DATA FOR THIS TASK START

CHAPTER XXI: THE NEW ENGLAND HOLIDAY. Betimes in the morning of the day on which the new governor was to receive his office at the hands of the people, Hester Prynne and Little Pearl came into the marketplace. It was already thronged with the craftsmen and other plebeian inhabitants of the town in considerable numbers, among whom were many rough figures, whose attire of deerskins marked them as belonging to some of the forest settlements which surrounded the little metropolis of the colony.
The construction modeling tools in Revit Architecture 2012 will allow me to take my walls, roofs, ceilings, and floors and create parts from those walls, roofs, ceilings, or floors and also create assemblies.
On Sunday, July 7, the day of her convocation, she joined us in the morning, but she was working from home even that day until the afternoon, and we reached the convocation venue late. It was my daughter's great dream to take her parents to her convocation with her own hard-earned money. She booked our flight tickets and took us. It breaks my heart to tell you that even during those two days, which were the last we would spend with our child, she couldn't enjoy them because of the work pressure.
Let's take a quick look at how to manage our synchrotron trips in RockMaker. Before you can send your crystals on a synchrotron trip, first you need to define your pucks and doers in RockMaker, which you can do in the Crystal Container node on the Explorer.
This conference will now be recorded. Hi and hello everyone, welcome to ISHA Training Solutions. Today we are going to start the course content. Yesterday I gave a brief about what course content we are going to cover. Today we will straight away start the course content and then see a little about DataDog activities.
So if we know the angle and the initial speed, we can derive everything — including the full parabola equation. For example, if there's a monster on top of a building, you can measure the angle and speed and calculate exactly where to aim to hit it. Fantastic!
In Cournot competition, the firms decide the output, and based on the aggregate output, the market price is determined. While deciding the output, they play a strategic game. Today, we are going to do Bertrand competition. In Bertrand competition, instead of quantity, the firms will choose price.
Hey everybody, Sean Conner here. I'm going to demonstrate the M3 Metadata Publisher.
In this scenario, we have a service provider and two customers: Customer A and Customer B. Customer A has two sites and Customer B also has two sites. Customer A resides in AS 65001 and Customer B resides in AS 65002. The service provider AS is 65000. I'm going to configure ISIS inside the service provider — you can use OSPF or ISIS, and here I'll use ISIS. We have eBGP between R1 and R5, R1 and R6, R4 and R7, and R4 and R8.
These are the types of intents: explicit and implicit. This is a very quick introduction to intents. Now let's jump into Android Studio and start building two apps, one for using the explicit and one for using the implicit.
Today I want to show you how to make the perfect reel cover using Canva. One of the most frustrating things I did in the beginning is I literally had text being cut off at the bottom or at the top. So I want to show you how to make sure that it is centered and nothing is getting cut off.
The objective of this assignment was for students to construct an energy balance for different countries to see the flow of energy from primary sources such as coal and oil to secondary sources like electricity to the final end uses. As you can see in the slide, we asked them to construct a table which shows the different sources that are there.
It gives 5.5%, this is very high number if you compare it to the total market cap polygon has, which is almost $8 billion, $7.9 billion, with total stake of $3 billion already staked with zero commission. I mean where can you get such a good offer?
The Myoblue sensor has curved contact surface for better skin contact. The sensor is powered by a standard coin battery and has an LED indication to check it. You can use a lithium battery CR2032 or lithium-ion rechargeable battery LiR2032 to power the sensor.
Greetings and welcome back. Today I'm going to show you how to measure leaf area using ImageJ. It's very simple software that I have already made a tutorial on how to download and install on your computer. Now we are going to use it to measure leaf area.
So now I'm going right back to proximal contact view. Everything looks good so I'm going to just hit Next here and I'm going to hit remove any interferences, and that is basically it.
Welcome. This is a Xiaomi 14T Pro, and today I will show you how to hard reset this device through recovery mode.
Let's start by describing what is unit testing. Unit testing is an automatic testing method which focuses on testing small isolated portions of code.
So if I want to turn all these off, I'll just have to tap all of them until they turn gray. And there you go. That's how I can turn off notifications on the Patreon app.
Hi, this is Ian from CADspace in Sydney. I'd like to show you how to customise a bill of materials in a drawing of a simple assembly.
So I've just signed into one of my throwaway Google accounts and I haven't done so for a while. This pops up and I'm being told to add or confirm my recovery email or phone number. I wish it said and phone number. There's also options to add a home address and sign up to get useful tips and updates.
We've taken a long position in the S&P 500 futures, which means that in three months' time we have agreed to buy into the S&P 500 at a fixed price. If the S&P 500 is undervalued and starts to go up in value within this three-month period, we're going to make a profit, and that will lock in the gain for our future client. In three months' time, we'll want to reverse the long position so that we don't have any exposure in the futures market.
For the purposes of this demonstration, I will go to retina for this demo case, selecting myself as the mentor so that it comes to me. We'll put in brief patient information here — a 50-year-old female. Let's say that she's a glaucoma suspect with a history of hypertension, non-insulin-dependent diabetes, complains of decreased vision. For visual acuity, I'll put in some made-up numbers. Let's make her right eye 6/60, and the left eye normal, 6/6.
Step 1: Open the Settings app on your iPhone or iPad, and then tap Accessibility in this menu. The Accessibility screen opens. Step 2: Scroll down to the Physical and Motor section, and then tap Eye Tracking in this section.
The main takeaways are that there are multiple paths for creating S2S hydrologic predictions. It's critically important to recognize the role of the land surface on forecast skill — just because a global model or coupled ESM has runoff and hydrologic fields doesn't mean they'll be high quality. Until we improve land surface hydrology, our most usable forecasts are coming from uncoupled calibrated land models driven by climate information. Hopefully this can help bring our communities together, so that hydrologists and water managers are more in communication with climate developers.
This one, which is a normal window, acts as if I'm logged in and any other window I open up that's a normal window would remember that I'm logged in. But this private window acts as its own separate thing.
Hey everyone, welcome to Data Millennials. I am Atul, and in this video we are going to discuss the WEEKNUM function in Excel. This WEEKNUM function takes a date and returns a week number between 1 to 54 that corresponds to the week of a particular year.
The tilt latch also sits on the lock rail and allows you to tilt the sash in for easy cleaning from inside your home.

DATA FOR THIS TASK END

▶ _EXERCISE_: From the material above, set down exactly the lines starting at the one with "In Cournot competition, the" and ending at the one with "These are the", end lines included.

▶ _RESPONSE TO THIS EXERCISE_:
In Cournot competition, the firms decide the output, and based on the aggregate output, the market price is determined. While deciding the output, they play a strategic game. Today, we are going to do Bertrand competition. In Bertrand competition, instead of quantity, the firms will choose price.
Hey everybody, Sean Conner here. I'm going to demonstrate the M3 Metadata Publisher.
In this scenario, we have a service provider and two customers: Customer A and Customer B. Customer A has two sites and Customer B also has two sites. Customer A resides in AS 65001 and Customer B resides in AS 65002. The service provider AS is 65000. I'm going to configure ISIS inside the service provider — you can use OSPF or ISIS, and here I'll use ISIS. We have eBGP between R1 and R5, R1 and R6, R4 and R7, and R4 and R8.
These are the types of intents: explicit and implicit. This is a very quick introduction to intents. Now let's jump into Android Studio and start building two apps, one for using the explicit and one for using the implicit.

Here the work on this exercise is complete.